Learning to Be Content

Our church's women's retreat is coming up in March with a theme of "Rejoice!" I'm helping to set up the breakout sessions, and in preparation for that, I've begun studying the book of Philippians. Yesterday, I was struck by these words from Paul in Philippians 4:11-13:
"I am not saying this because I am in need, for I have learned to be content whatever the circumstances. I know what it is to be in need, and I know what it is to have plenty. I have learned the secret of being content in any and every situation, whether well fed or hungry, whether living in plenty or in want. I can do all this through him who gives me strength."
I have read those words many times before but yesterday the word "learned" struck me. I began to think about how you would go about learning to be content. We live in one of the most materialistic cultures in the world. We have so much in this country, yet we are always wanting more. Many Americans live on credit that so overextends them that their lives are one big ball of stress caused by trying to figure out how to make ends meet.
Imagine how much less stress we would have in our lives if we learned to be content. I don't know what happens in your home, but it seems that as soon as Christmas is over, my kids start talking about the things that they want for their birthdays, which are four and six months away. The only way our kids will learn to be content in all circumstances, with both their material possessions and with their life circumstances is if we teach them how to do that.
The tempation is to remind our children how good they have it. Did your mother ever tell you to clean your plate because "there are starving children in Africa?" Did you ever wonder how those two things were related? Was your mother going to scrape the stuff off your plate, put it in a box and send it to those kids in Africa?
Kids need concrete, non-preachy ways to help them understand the idea of contentment, which is simply finding joy in your own circumstances. Because our joy does not come from our situation but from knowing God through Jesus, we should be able to find contentment in any circumstance. Open your kids' eyes to the way other children in other parts of the world (and even in places near your home) live, but do it in such a way that it teaches them contentment--not makes them wonder what the connection is.
  • When your kids start to get the "gimme's" for things that are well beyond their reach, help them to focus on the blessings in their own lives. Gently turn the conversation to the things they have to be thankful for. Play a game to see who can name the most things for which they are thankful.
  • Participate in service projects that allow your kids to help other kids, both locally and abroad. Help out at a local soup kitchen. Collect books for a local school or homeless shelter. Get your kids involved in choosing the people they want to help. If at all possible, let your kids tour a facility that helps kids in some way, whether it be a homeless shelter or a ministry partner in the inner city. Give your kids an up-close look at how some other kids live.
  • Work together to sponsor a child through a Christian organization. Most child sponsorships cost only $30-50 a month. Talk about all the things that your sponsored child receives for that small amount of money. Find out all you can about how your sponsored child lives and compare it to how your children live.

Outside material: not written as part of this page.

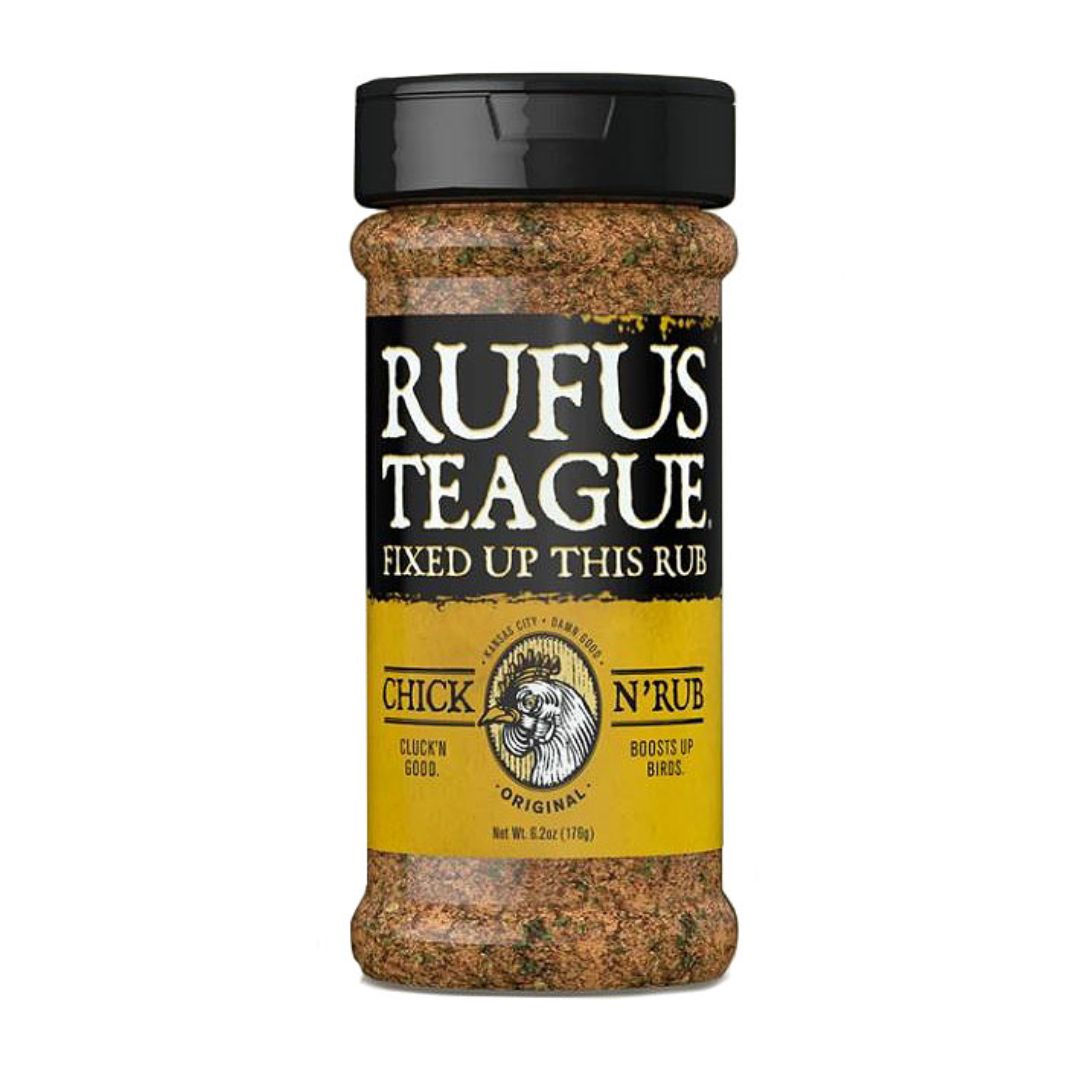 Chick n&#39; Rub 176g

  • Talk about contentment with your kids. Read Philippians 4 with them and talk about how Paul was in prison when he wrote those words. As a family, make a list of the things that make you content. Focus on the intangible rather than the tangible. Make up scenarios that take away material things and ask your kids how they could be content. For example, "You live in a tent in the forest, how can you be content?"

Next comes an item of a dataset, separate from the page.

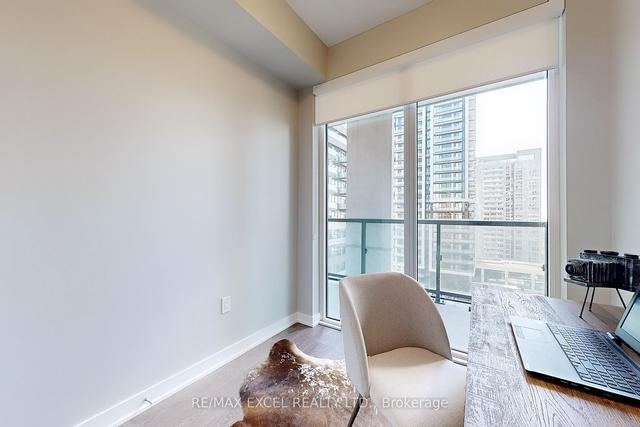 1009 - 85 Oneida Cres, Condo with 2 bedrooms, 2 bathrooms and 1 parking in Richmond Hill ON | Image 14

Contentment is learned. The most important way you can teach it to your children is to be content yourself. If your kids see you constantly striving to "get more" and never being content with what you have, then that is what they will consider normal. If you have never learned to be content, spend some time with God asking Him to show you how to be content in your current circumstances. Remember that our contentment comes from our joy in Christ, not from any material possessions. When we focus on that, we, too, can learn to be content.